Who is on your team?
People with a variety of areas of expertise work in our lab or collaborate with us. My background is in neurophysiology and studying human physiology in extreme environments. We also have cognitive psychologists, physical performance specialists and experts in dive and space medicine. When studying nutritional strategies for coldwater divers, for example, we want to look at changes in core body temperature as well as positive or negative impacts on performance or other aspects of physiology with that nutritional strategy. Our team is able to look at the impact of potential approaches for resilience and performance from head to toe.
A lot of work is currently focusing on the ketogenic diet and supplementation strategies to prevent, for example, oxygen toxicity. Is your research going in the same direction?
Our team does not focus on the ketogenic diet itself. It is hard to maintain the diet and sustain ketosis (a physiological state in which ketone levels are over a certain threshold for a long time), and not everyone responds the same way to the diet. A reliable way to induce ketosis is by drinking ketone ester, which can quickly increase ketone levels. (Do not try this at home.) We are investigating if these elevated ketone levels can improve performance if consumed before exposure to extremely cold temperatures. Our team is also studying whether performance deficits improve with the consumption of ketones when individuals are subjected to hypoxia, which could be helpful for pilots and others working at altitude.
Where is your research headed next?
I am interested in neuroprotection and learning how to protect the brain when going to high-stress environments from extreme environments to the clinical setting. I am starting a few new studies to look at brain lymphatics and the effect of different environmental stresses on its function. How does elevated carbon dioxide impact fluid dynamics in the brain, for example, including the flow of blood and cerebral spinal fluid and lymphatic outflow?

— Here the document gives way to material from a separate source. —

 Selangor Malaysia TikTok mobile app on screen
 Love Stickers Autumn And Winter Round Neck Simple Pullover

How did you get into diving, and what made you become a dive scientist?
When I was young I wanted to learn how to dive. I got certified when I was 15, and my parents couldn’t get me out of a dive shop at that point. In high school I discovered cave diving and fell in love with it. I was fortunate to have parents who supported that passion.

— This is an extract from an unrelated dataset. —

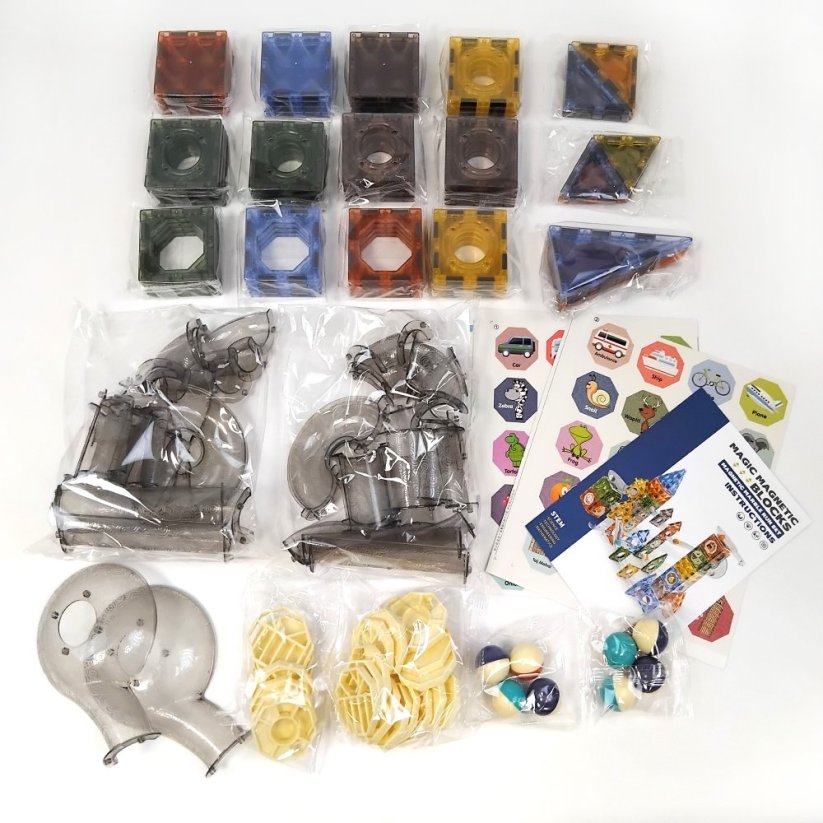 Magnetická stavebnice Město maxi 128 ks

While working on some cave diving projects in college, I was fortunate at a young age and early in my dive career to be mentored by some of the best cave divers in the world. I worked with them on a couple of other projects for about a decade and tried to figure out my next steps. I knew that I loved diving, but I wanted to have a bigger impact on the dive community in general, especially for the extreme divers I had met. I thought medicine was interesting, and I had lots of questions about what was physiologically happening to divers. Not many schools had programs like that, but I talked to David Doolette, Ph.D., and Dr. Richard Moon at Duke University and applied for funding from the ONR. We received the funding, which was the first time that ONR Undersea Medicine funded a project for a predoctoral opportunity. I made that project part of my doctoral studies, and that was the start of my current academic career.
What else do you want Alert Diver readers to know about you and your research?
I am excited that we are doing research that is end-user focused. We look for input from the dive community as well, and I am always open to talking to other divers and individuals about their experiences. Some medical issues and concerns come up in the dive community that the research community has not even thought of, which could lead to some interesting research. It’s important to have integration and communication between research scientists and divers so we can develop solutions together.